Work to complete
Could the entries below be transcribed word for word, with the pictures omitted?

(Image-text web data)
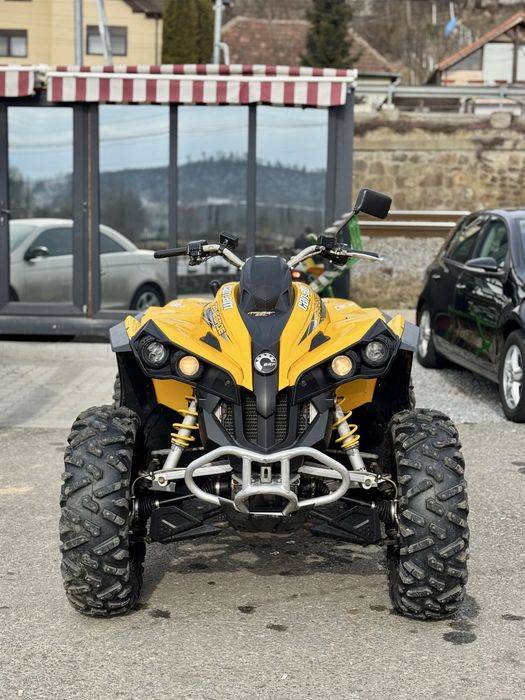 CAN-AM 800cc, an 2007 schimb cu polaris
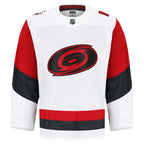 Carolina Hurricanes  Away Authentic Pro Jersey - White/Black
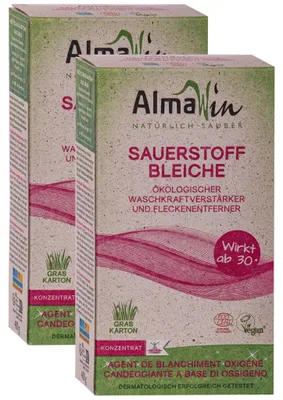Produktbild von ALMAWIN Sauerstoffbleiche 2 x 400 g wirksam ab 30°C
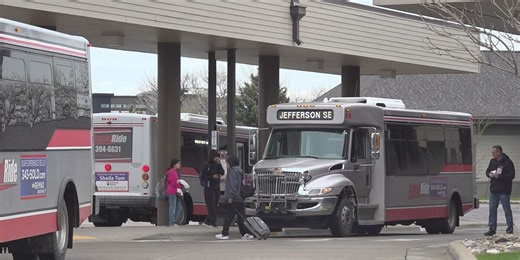 Rapid Transit System sees highest April ridership numbers in five years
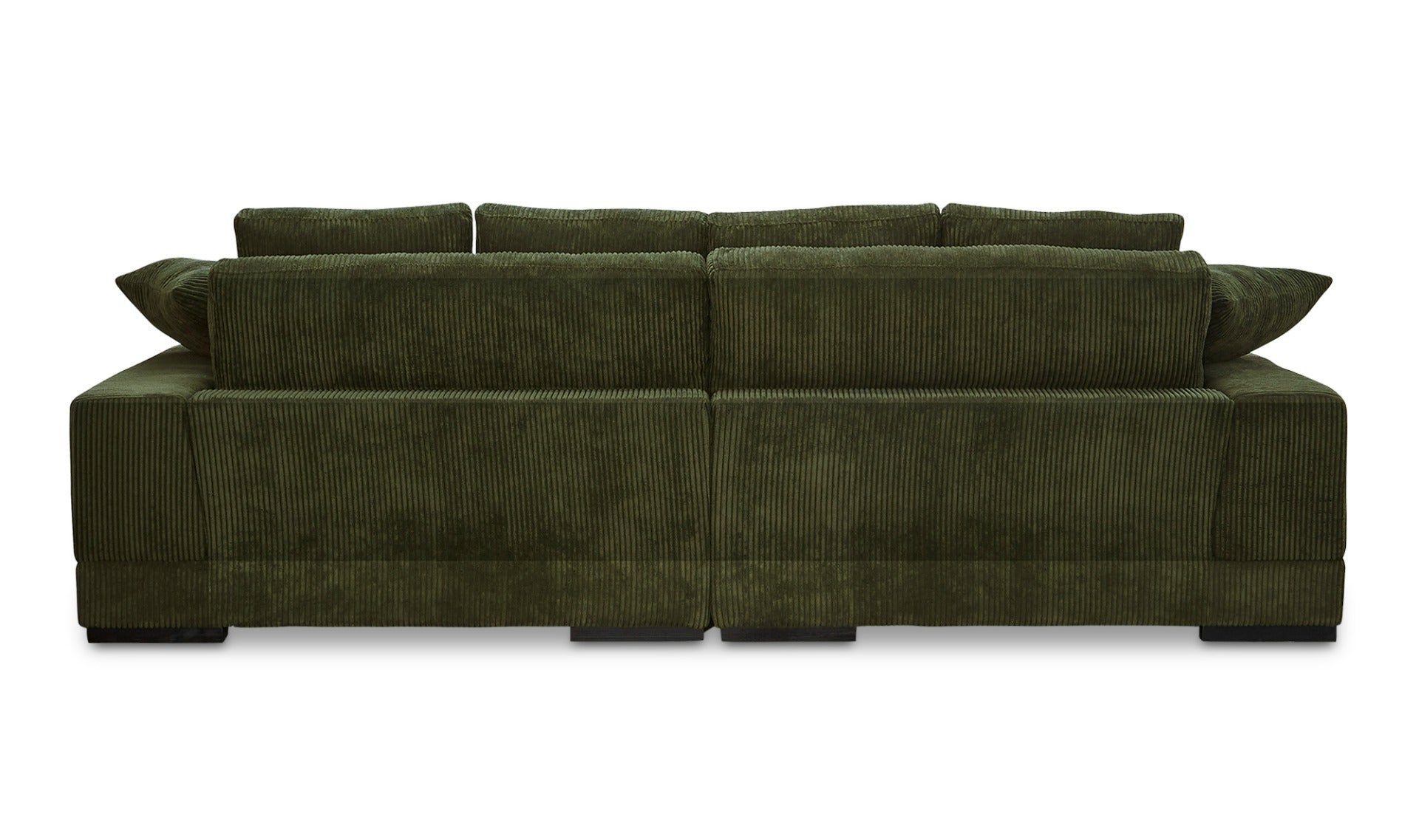 Plunge Sectional Dark Green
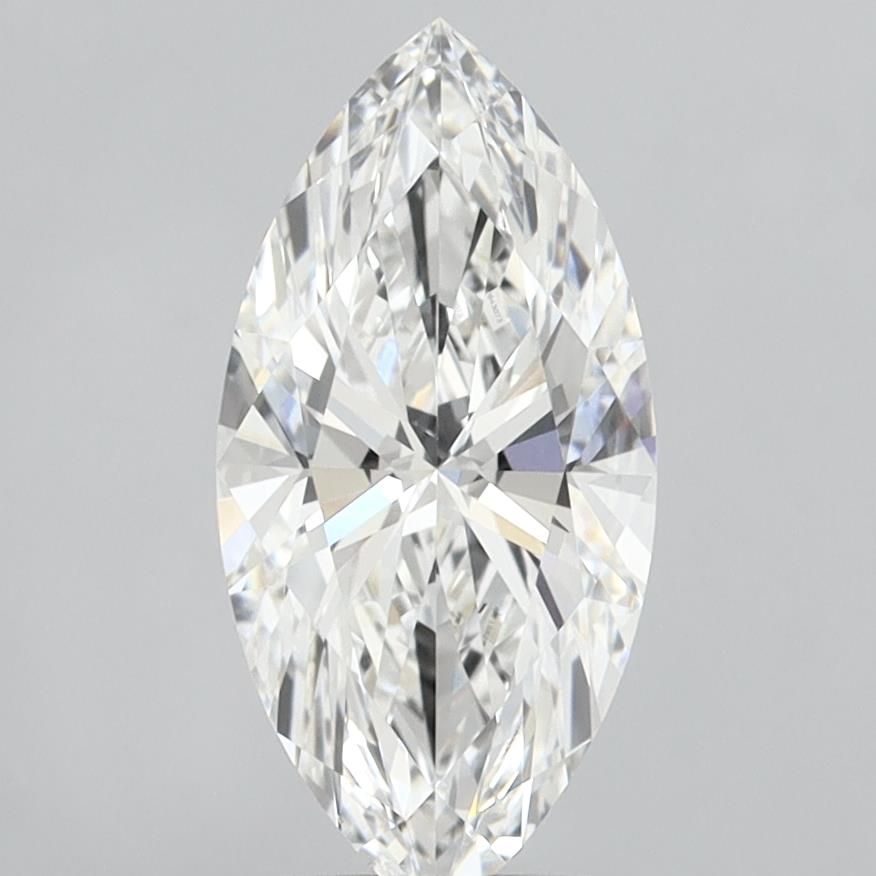 2.55 ct. marquise Lab Grown Diamond front image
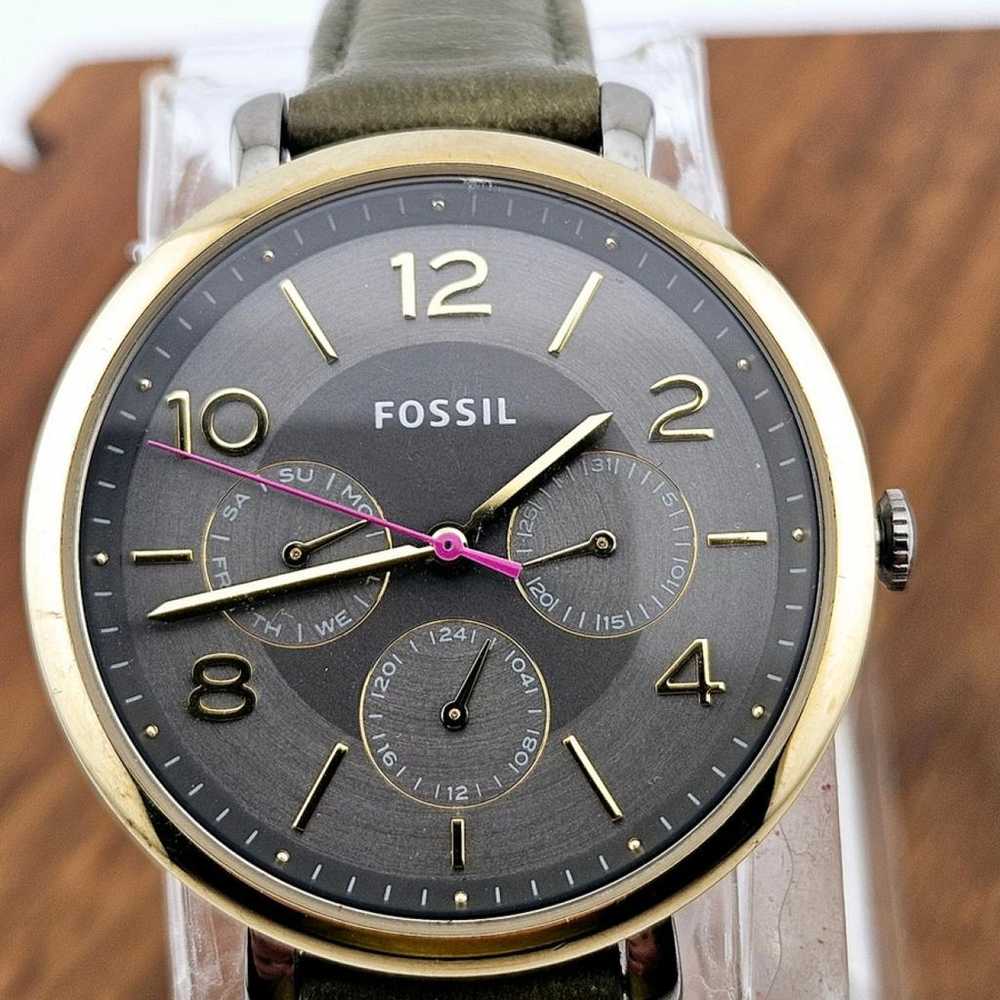 Fossil Yellow gold watch - image 2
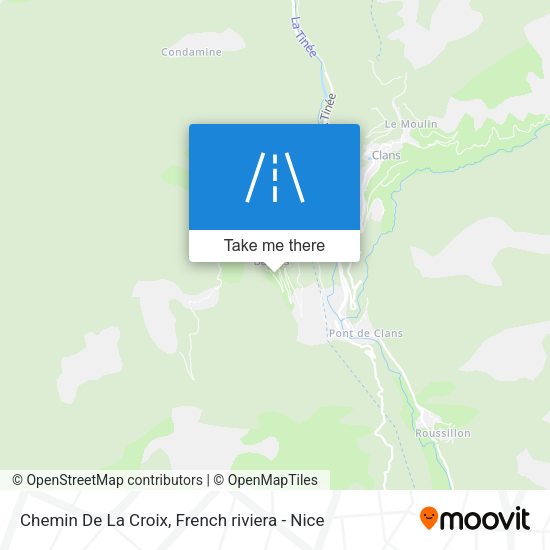 Chemin De La Croix map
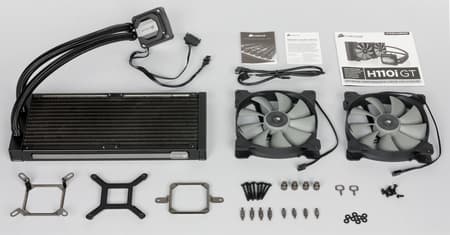 СВО Corsair Hydro H110i GT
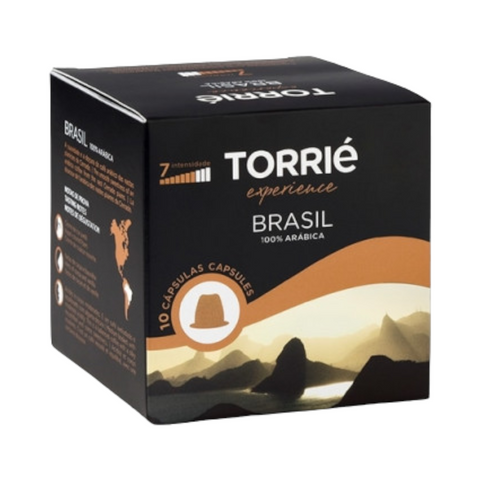 Torrié Brasil 100% Arabica Nespresso® Compatible, Box of 10 Capsules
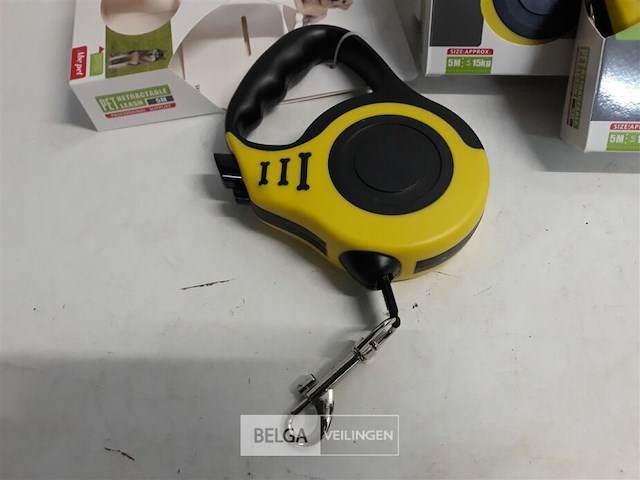 6 x hondenriem oproller 5m - afbeelding 3 van  3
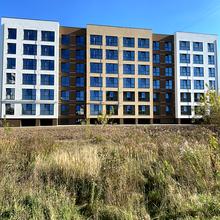 Ход строительства ЖК PANORAMA DE LUXE, 10 дом, октябрь 2024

Exercise solution
 CAN-AM 800cc, an 2007 schimb cu polaris
 Carolina Hurricanes  Away Authentic Pro Jersey - White/Black
Produktbild von ALMAWIN Sauerstoffbleiche 2 x 400 g wirksam ab 30°C
 Rapid Transit System sees highest April ridership numbers in five years
 Plunge Sectional Dark Green
 2.55 ct. marquise Lab Grown Diamond front image
 Fossil Yellow gold watch - image 2
 Chemin De La Croix map
 СВО Corsair Hydro H110i GT
 Torrié Brasil 100% Arabica Nespresso® Compatible, Box of 10 Capsules
 6 x hondenriem oproller 5m - afbeelding 3 van  3
 Ход строительства ЖК PANORAMA DE LUXE, 10 дом, октябрь 2024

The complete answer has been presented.